Ask any bride-to-be with more than one sister or best friend, and she'll tell you there can be too much of a good thing. Because when you're surrounded by wonderful women whom you love, it can make choosing your maid of honor downright difficult.

"A bride to be should first select her maid of honor with her heart," says Julie Blais Comeau, etiquette expert and the author of Etiquette: Confidence & Credibility. "The decision should feel good and right." But there are some practical things to consider, too. Here are five questions every bride torn between multiple maid-of-honor-options should ask herself:

1. How close am I really to each woman?
"Your maid of honor should be someone you feel very close to and envision in your life for years to come," explains Comeau. This mayeliminate some friends from your crowded choices.

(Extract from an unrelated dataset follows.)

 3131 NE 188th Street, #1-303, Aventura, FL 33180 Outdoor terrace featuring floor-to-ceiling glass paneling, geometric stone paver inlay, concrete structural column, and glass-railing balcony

2. Who is most likely to give me the support and attention I need?
You may be closest to your sister, but if she just welcomed a newborn into her family, she may not have the time — or the shut-eye! — needed to plan showers, shopping adventures and a bachelorette bash.

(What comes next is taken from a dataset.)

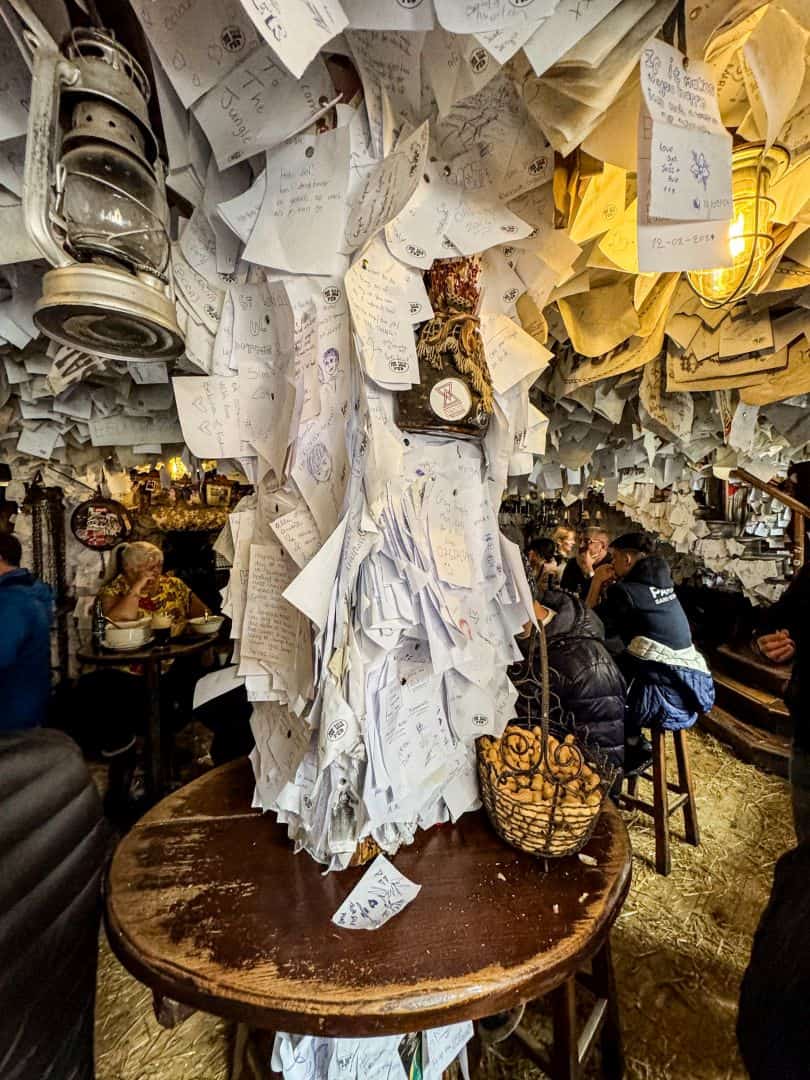 A heavy rustic wooden dining table featuring a deep basket of peanuts inside the For Sale Pub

3. Do any of my friends get easily offended or emotional?
"This is a time that you don't need a dramatic friend who will add to your stress level when something goes wrong," Comeau says. "On the other hand, you want to select a maid of honor who can take charge for you and make decisions without being shy or nervous."

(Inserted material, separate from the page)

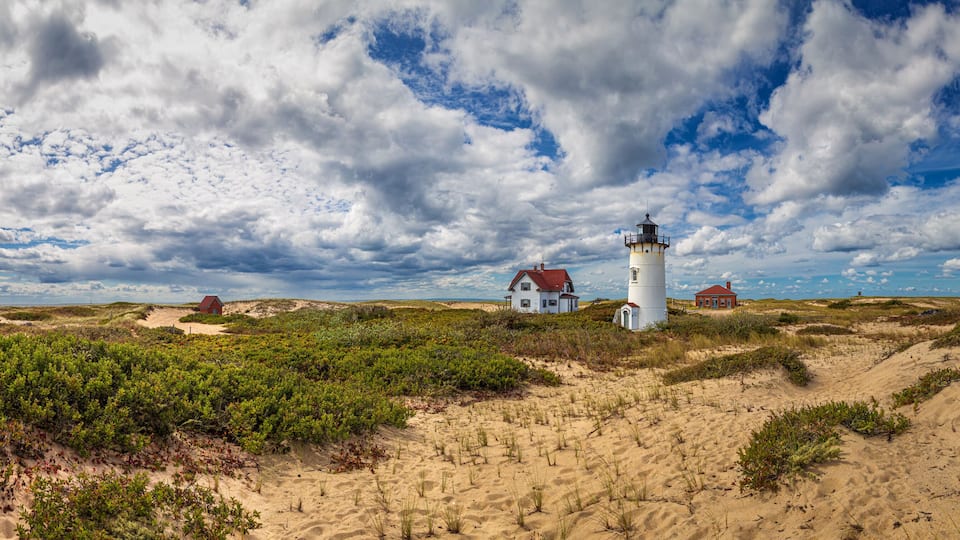 A lighthouse, a red house, and a white house on a sandy beach with dunes and vegetation.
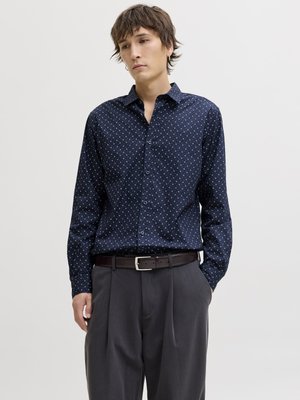 Joven con camisa azul marino de botones con estampado, pantalones gris oscuro y cinturón de cuero marrón, de pie con una mano en el bolsillo.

See More: The 6 Biggest Etiquette Mistakes Brides Make

4. Will my wedding put any of my options in a difficult position?
If you're torn between two best friends, for example, consider if one would have to travel often to attendpre-wedding events, or if the other just started a new job. You may find that one lady would be relieved to take on a lesser role.

5. Who is influencing my decision?
If you're feeling pressure from another person, such as a mother or future mother in law, to choose a particular woman, realize the decision is up to you alone. "Ultimately, you have to feel good about your choice," Comeau says.

Still struggling between two women? "A great way to resolve the maid of honor dilemma is to also have a matron of honor," Comeau suggests. "That role could be held by an older sister while the maid of honor could be your best friend."
After you make your decision, be sure not to leave out your runners up! Ask them to participate in other ways, as bridesmaids and throughout your planning process.

There's more!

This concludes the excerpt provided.